■ **INSTRUCTIONS FOR THE TASK**
With the images left out, print all of the records below exactly.

====== DATA TO PROCESS

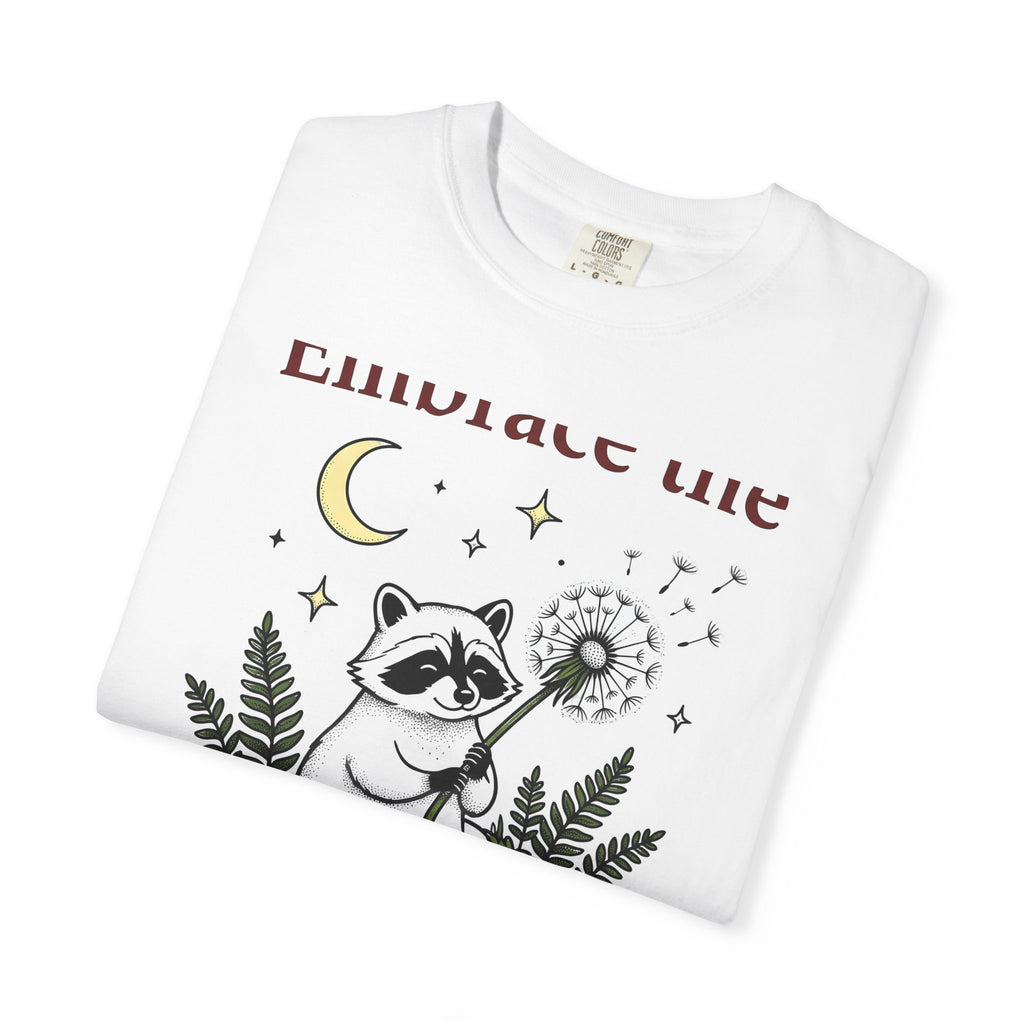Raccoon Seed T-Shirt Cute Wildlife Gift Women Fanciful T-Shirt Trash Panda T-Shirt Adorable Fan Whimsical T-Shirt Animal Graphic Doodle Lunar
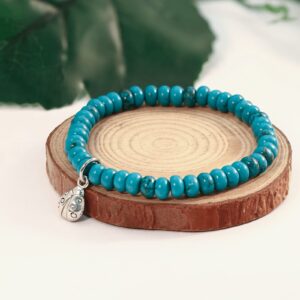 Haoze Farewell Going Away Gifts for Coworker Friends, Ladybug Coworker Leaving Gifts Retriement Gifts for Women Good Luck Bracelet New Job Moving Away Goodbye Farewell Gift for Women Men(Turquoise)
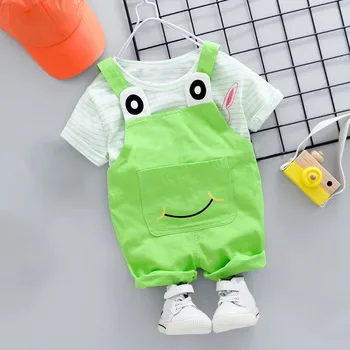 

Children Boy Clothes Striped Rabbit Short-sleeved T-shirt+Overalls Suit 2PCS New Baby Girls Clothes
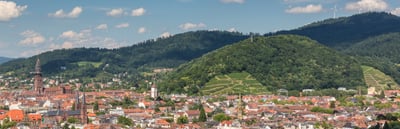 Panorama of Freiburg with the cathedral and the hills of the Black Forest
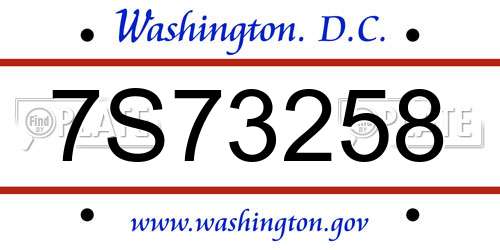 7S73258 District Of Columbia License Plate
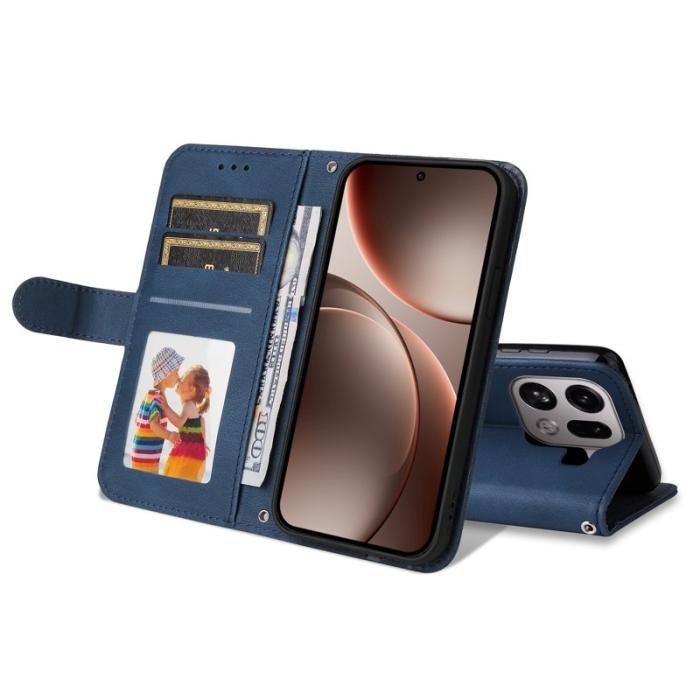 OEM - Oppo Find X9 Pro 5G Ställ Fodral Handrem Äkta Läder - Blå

============

■ **TASK RESULT**
Raccoon Seed T-Shirt Cute Wildlife Gift Women Fanciful T-Shirt Trash Panda T-Shirt Adorable Fan Whimsical T-Shirt Animal Graphic Doodle Lunar
 Haoze Farewell Going Away Gifts for Coworker Friends, Ladybug Coworker Leaving Gifts Retriement Gifts for Women Good Luck Bracelet New Job Moving Away Goodbye Farewell Gift for Women Men(Turquoise)

Children Boy Clothes Striped Rabbit Short-sleeved T-shirt+Overalls Suit 2PCS New Baby Girls Clothes
 Panorama of Freiburg with the cathedral and the hills of the Black Forest
 7S73258 District Of Columbia License Plate
 OEM - Oppo Find X9 Pro 5G Ställ Fodral Handrem Äkta Läder - Blå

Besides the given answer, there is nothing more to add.